▶ **What you have to do**
Write the entries below out again exactly, but skip the pictures.

▶ **Captioned web images**

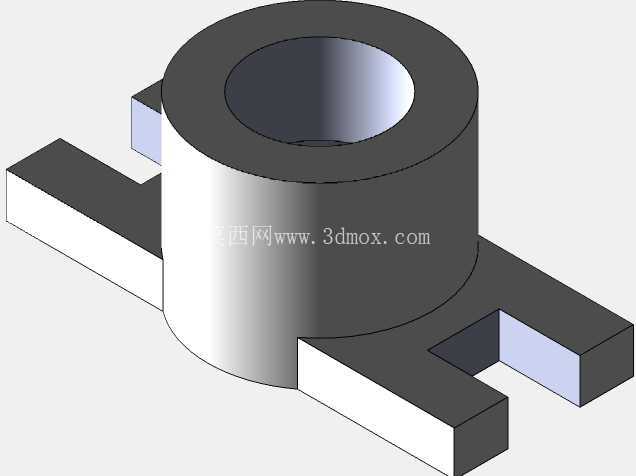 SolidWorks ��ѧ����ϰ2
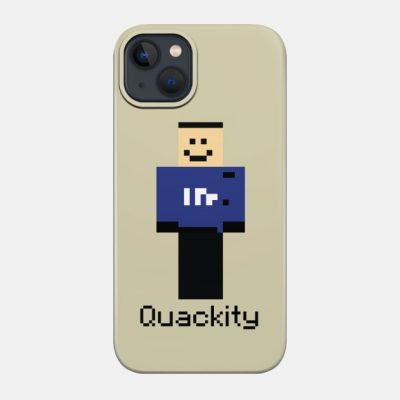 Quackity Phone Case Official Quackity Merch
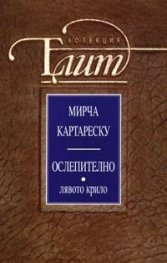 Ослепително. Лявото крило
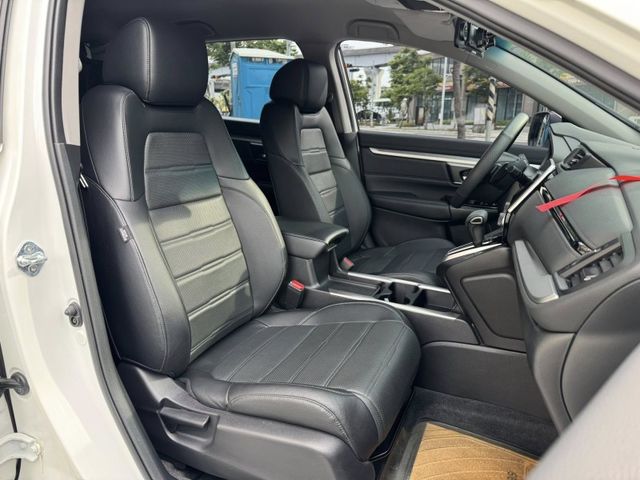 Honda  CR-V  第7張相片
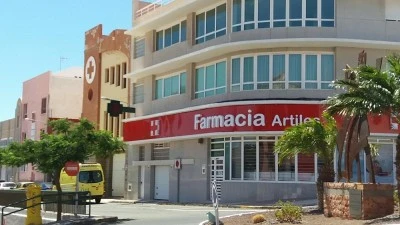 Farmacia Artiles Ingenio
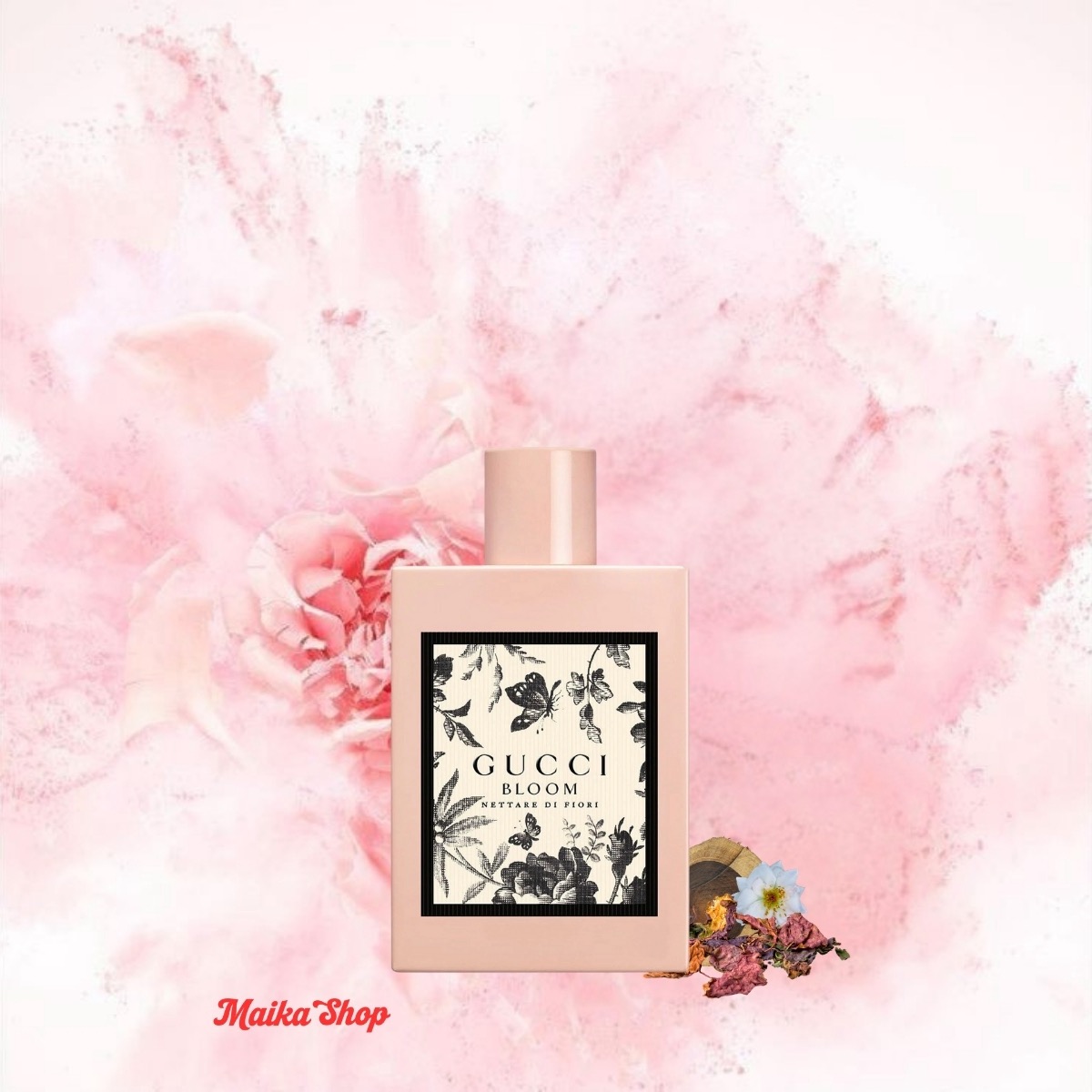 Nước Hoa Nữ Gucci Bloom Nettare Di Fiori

▶ **Exercise solution**
 SolidWorks ��ѧ����ϰ2
 Quackity Phone Case Official Quackity Merch
 Ослепително. Лявото крило
 Honda  CR-V  第7張相片
 Farmacia Artiles Ingenio
 Nước Hoa Nữ Gucci Bloom Nettare Di Fiori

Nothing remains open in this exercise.